The Idiot 100th Monkey to Use ‘Niche’

Stop killing words — take out illiterate monkeys instead

Photo by Chris Curry on Unsplash

The hundredth monkey effect represents how a single action or idea can reach critical mass and spread like wildfire. It takes a certain number of people / monkeys to adopt a habit before it spreads like a virus and becomes commonplace.

According to the theory, the monkeys possess communication / learning skills we have yet to discover, on some other plane. A chaotic one shared with butterflies.

The monkey mob makes spontaneous changes to DNA. With human DNA so similar to the great apes, this could result in a large-scale existential crisis for humanity. Don’t laugh. They only need a hundred volunteers, not a full-scale popular election.

I communicated telepathically with an absurd orangutan named Camus to gain inside information. The chimpanzee Nietzsche was busy making amends but said he’d meet me in the ninth circle later, wherever that is.

Both Camus and Nietzsche, who claim to be influential leaders, admitted to being part of a conspiracy to change the meaning of ‘niche’.

As I get older multiple word definitions become more difficult. Once we reach 50, our brains become almost full, with engraved definitions sunk deep into our cerebellum folds. My speeding brain reacts with 1) the flash of an image, 2) a song that somehow fits, and finally, an analysis of how the word is used.

Recalling an iconic can of maybe pig / mystery meat made popular during WWI each time I receive unwanted email is enough of a burden. Getting ‘triggered’ each time someone makes a rude comment here, or over there in Twitsville conjures the Smith & Wesson my long-gone ex owned in Montana a lifetime ago, with the catchy Thompson Twins song “Lies, lies, lies, LIES!”.

Add the oft-repeated phrase “Find your niche!” here on Medium and it’s no wonder I’m communing with disturbed dead philosophers via gorillas.

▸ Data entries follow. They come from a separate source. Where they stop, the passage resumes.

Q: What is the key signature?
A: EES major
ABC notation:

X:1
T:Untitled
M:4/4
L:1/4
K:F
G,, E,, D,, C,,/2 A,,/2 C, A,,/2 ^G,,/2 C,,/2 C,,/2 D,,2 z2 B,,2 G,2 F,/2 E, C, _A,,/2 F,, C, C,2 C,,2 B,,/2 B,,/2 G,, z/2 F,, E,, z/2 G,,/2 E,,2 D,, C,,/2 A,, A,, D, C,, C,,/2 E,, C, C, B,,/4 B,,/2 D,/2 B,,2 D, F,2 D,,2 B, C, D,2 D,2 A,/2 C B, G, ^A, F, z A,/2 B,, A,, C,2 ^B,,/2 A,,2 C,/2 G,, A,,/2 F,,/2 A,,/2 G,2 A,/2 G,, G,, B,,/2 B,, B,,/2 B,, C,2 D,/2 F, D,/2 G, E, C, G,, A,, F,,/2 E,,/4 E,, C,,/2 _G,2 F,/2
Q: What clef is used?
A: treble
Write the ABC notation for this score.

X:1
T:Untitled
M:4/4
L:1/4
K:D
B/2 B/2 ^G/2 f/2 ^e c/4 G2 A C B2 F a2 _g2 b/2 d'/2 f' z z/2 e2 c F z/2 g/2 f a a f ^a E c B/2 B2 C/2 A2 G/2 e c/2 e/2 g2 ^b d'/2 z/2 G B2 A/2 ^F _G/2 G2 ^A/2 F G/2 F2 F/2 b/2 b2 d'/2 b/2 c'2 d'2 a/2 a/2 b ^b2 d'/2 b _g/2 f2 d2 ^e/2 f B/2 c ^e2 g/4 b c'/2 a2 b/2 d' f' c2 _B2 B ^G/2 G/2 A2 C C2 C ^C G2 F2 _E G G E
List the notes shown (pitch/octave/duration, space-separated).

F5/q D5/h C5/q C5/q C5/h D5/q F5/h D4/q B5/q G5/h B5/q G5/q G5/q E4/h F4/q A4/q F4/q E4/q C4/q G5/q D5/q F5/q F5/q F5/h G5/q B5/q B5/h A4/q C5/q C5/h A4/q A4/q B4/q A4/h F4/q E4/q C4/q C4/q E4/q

Example of statues displayed in niches.

Photo by Christopher Czermak on Unsplash

Following is a hardly believable story from Spain to help explain and illustrate the 100th Monkey concept and social problems in Spain.

Niche is one of those words reinvented, reappropriated, reimagined, and repurposed. With over a million words in the English language, I think another such as “segment” or “target audience” could be used more aptly.

Each generation interprets and ascribes new word meanings. Consider “awesome”- literally meaning to inspire awe and “literally”- now used to emphasize something figuratively or metaphorically. “Bad” became good and “literary” lost its association with literature to become a reference to anything considered intellectual or sophisticated. The “Gay 90s” recall a period of prosperity and growth in the 1890s. A century later, gay men struggled to survive AIDS.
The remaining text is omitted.